Exercise aim: Begin at the line below that contains "РАЗБИВАЧ НА СЪРЦА - ДЖУЛИ ГАРУД - ХЕРМЕС". Repeat it and all remaining lines of the records exactly.

Short descriptive text snippets:
╭──
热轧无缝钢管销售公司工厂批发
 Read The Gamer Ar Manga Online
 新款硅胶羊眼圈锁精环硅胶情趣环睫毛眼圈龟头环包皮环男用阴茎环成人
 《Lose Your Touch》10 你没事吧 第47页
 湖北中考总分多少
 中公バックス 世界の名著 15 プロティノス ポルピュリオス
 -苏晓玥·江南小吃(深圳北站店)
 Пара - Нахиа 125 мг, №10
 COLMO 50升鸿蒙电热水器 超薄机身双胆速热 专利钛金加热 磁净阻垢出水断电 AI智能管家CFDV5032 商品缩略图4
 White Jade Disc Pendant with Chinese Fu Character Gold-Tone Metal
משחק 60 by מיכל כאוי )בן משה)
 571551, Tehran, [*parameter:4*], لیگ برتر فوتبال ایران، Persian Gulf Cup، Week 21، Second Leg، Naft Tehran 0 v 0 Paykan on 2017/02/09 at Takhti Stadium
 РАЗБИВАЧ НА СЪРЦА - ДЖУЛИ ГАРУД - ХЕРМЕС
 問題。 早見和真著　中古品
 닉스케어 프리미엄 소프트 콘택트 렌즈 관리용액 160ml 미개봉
╰──
Result of the exercise:
 РАЗБИВАЧ НА СЪРЦА - ДЖУЛИ ГАРУД - ХЕРМЕС
 問題。 早見和真著　中古品
 닉스케어 프리미엄 소프트 콘택트 렌즈 관리용액 160ml 미개봉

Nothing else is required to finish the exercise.